Provided data:
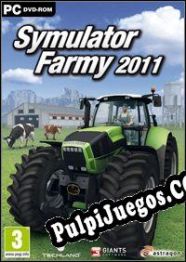 Farming Simulator 2011 (2010/ENG/Español/RePack from iRRM)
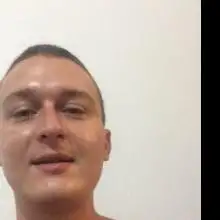 Yarik, 39Ашкелон 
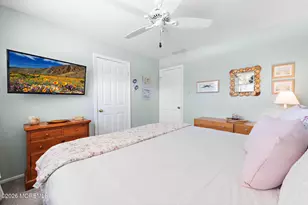 56 Atlantis Blvd, Little Egg Harbor, NJ 08087 - Photo 27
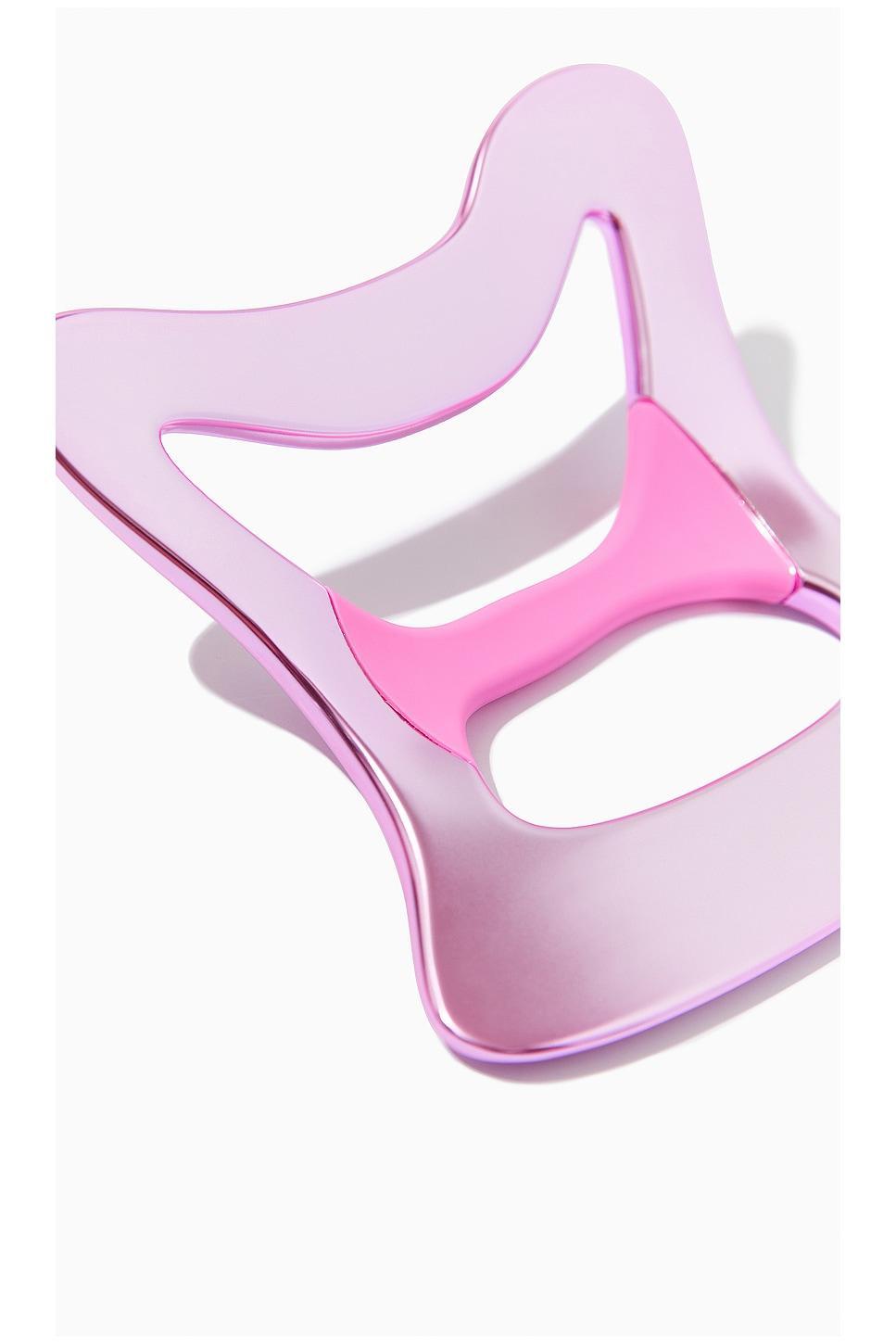 Le Spoon Body Sculptor The Skinny Confidential Product Image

Task:
Repeat the full listing above exactly, with no pictures in the copy.

Response to the task:
 Farming Simulator 2011 (2010/ENG/Español/RePack from iRRM)
 Yarik, 39Ашкелон 
 56 Atlantis Blvd, Little Egg Harbor, NJ 08087 - Photo 27
 Le Spoon Body Sculptor The Skinny Confidential Product Image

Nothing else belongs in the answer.